Mme Marie-France Beaufils . - On constate, depuis deux ans, une grande différence entre les plafonds d'emplois prévus et les emplois effectivement créés à la PJJ. J'ai d'ailleurs pu me rendre compte du manque criant de personnel sur le terrain alors qu'il faut suivre nombre de jeunes à la dérive et les accompagner vers une vie plus responsable.
M. Daniel Raoul . - Où sont les manques les plus criants en matière de postes ? Il est impensable que les greffes des tribunaux mettent plus de six mois à notifier les jugements. Comment sont transmises les informations entre juges et greffes ? Le manque de formation, de qualification est évident, et le matériel est obsolète...
M. Vincent Delahaye . - Un tableau du rapport montre que les postes créés ne sont pas forcément pourvus. Pour 2015, l'écart est de 1 370 ETP. Il est essentiellement prévu de créer des postes de catégorie C : à quoi vont-ils servir ? C'est le manque de greffiers qui ralentit les procédures. La mobilité dans la fonction publique d'État devrait être encouragée : ne pourrait-on proposer à des personnels de l'éducation nationale de devenir greffiers ?
Au cours des années passées, nous avions identifié la formation d'une dette importante en matière de frais de justice. S'est-elle réduite ?
M. Richard Yung . - Le budget de la mission « Justice » va augmenter significativement après les annonces du Président de la République. Reste à savoir où vont être créés les 2 500 postes promis, car nous manquons de magistrats, de greffiers, de personnels pénitentiaires, de conseillers en orientation et en insertion professionnelle pour les jeunes.

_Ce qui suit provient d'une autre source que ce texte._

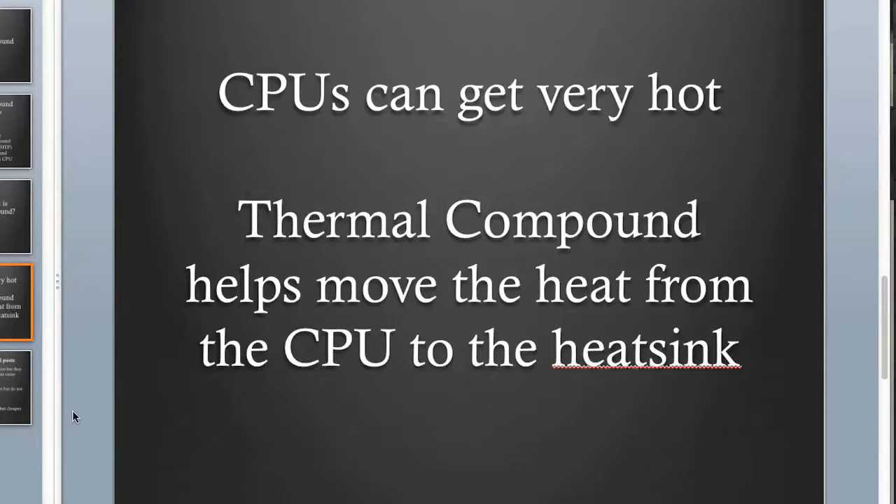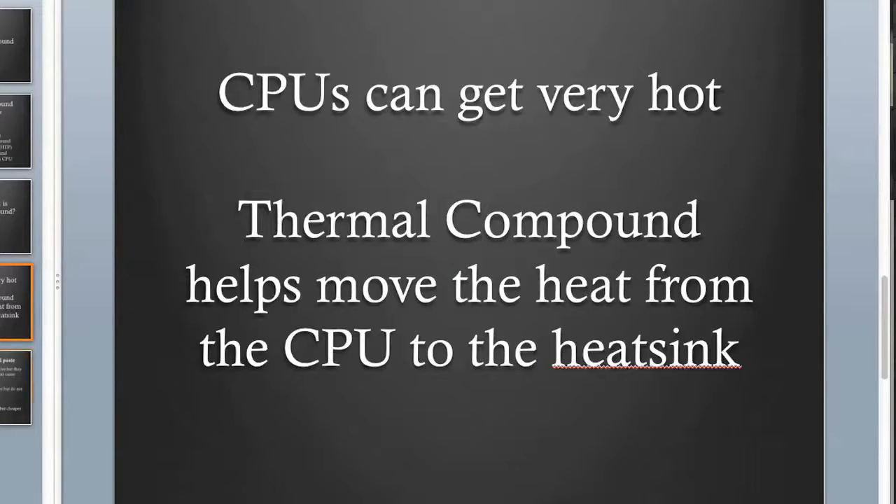Heat just goes better from metal to thermal compound to metal rather than metal to metal directly. There are three main types of thermal compound. Metal-based is the most effective and a bit more expensive, but the downside is it's electrically conductive, so applying too much can cause problems. Ceramic-based is a little less effective but does not conduct electricity. Silicone-based is a bit less effective than ceramic but it's the cheapest.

Nous nous félicitons que l'aide juridictionnelle augmente de 25 millions d'euros en 2016 et de 50 millions d'euros en 2017. De même, les trente nouveaux postes d'aumôniers dans les prisons sont une bonne chose ; nous avons tout particulièrement besoin d'aumôniers musulmans pour lutter contre la radicalisation dans les prisons.
M. Bernard Lalande . - Qu'il s'agisse de la justice, de l'enseignement, de la sécurité ou de la santé, les besoins en personnel sont immenses, surtout après les évènements récents. Des postes vont être créés, je m'en félicite, mais n'oublions pas qu'il faut former ces nouveaux personnels, et donc de prévoir des crédits spécifiquement dédiés à ces formations.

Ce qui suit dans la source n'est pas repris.